Vox Oblita––忘れられた声––
この世界には昔、「風の声」があった。
人々は風から季節を知り、
人々は風から想いを辿り、
遠くの誰かの声を運んでもらっていた。
でもいつからか、
人々は風をただの現象として扱うようになる。
「風は風。それ以上でも以下でもない」
そうして風は、誰にも聞かれなくなった。
「ねえ、皆どうして聞こえないの?」
翡翠色の髪を揺蕩わせながら、風を抱きしめるように少女は言う。
「風が泣いてる」
その言葉は、大人には聞こえない。
聞こえるはずもない。
風はただの風なのだから。
「またおかしなこと言ってる」
「ウィスパー、ちゃんと授業を受けて」
「だって本当だもん!」
「はぁ...確かに遥か昔の御伽話では童話として残っているわ。だけどそれだけよ」
「でも...本当に泣いてる...」
「なら森にでも行って風と仲良くしてきなさい」
その言葉によって、ウィスパーは学校から追い出された。ウィスパーは森へと歩いていく。
「皆ひどいわ」
歩く。歩く。歩く。
「貴方だって言ってやらないと!」
歩く。歩く。歩く。
「私はただの人よ、貴方が証明しないとなの」
歩く。歩く。歩く。
「ねえ、聞いてる?」
歩く。歩く。歩く。
「アウラ!」
ヒュウッと風が吹いた。
『勿論、聞いているわ。

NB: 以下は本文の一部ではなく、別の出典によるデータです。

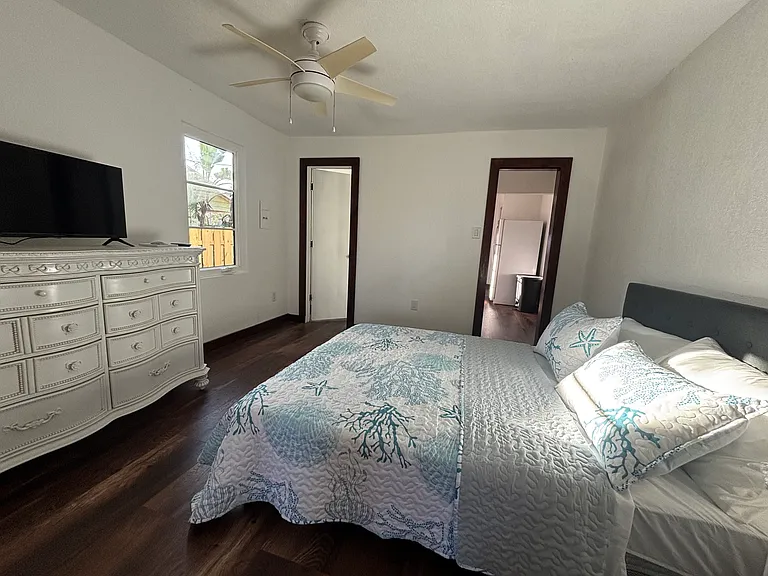 2107 Phillippi St #3 — Photo 15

ウィスパー』
「貴方からも言ってやらないとよ」
ヒュウッとウィスパーを優しく抱きしめるように風が吹いた。
『それじゃあ意味がないのよ』
「どうして?」
『誰かが耳を傾けてくれないと、聞こえないの』
「私には聞こえるわ」
『貴方はとても優しい子だからよ』
「答えになってるの?それ」
『ええ、最大の褒め言葉よ』
その瞬間、コロンコロンと蜜柑が落ちてきた。
「アウラ、ちょっと待ってて」
その言葉と共に、ウィスパーは走る。
「おばさーん!蜜柑落としたよ、はいっ!」
「ありがとぉ、お嬢ちゃん」
ウィスパーは翡翠の眼を右往左往させた。
「おばさん、おじさんはいないの?」
その言葉に、悲しそうに返す。
「もう随分と前に死んじゃったよ」
その瞬間、ヒュウッと風が吹いた。
『アモール。大好きよ』
『僕もさ、シータ』
『だからお願い』
『......』
『死にたいなんて、言わないで...っ』
「...はっ、は」
「大丈夫かい?お嬢ちゃん」
「アモールさんは、ちゃんと愛していたわ!」
「っ!」
「それだけ伝えたかった。じゃあねおばさん」
「待ってくれ」
「どうしたの?」
「なんで、知ってるんだい?私の名前と...愛する夫の名前を」
その言葉に、翡翠の眼を大きく見開かせながらウィスパーは言う。
「風が教えてくれたの」
その瞬間、まるで存在を肯定するかのように優しく風が吹いた。翡翠の髪がゆっくりと揺れる。
「それじゃーねー!」
走り去っていくウィスパーを見て、シータは呟く。
「大昔の...大聖霊...アウラか」
その声は、風に乗って消えていく。
「アウラ、どうして出てこなかったの?」
『うーん...風はね、出るものじゃないの』
「うーん?どういうこと?」
『風は時に寄り添い、時に突き放す』
『時に運び、時に消す』
『私はね、そういった存在なの』
「なら、私が届けてあげるわ!」
『え?』
「私はアウラが好き!」
『ありがとう』
「だから皆に知ってほしい、アウラを」
「だから、決めたわ!」
ヒュウッと風が吹いた。
「もう一度、アウラを世界に広めるの!」
「私、旅に出るわ」
その声は、風に乗って軽やかに飛んでいく。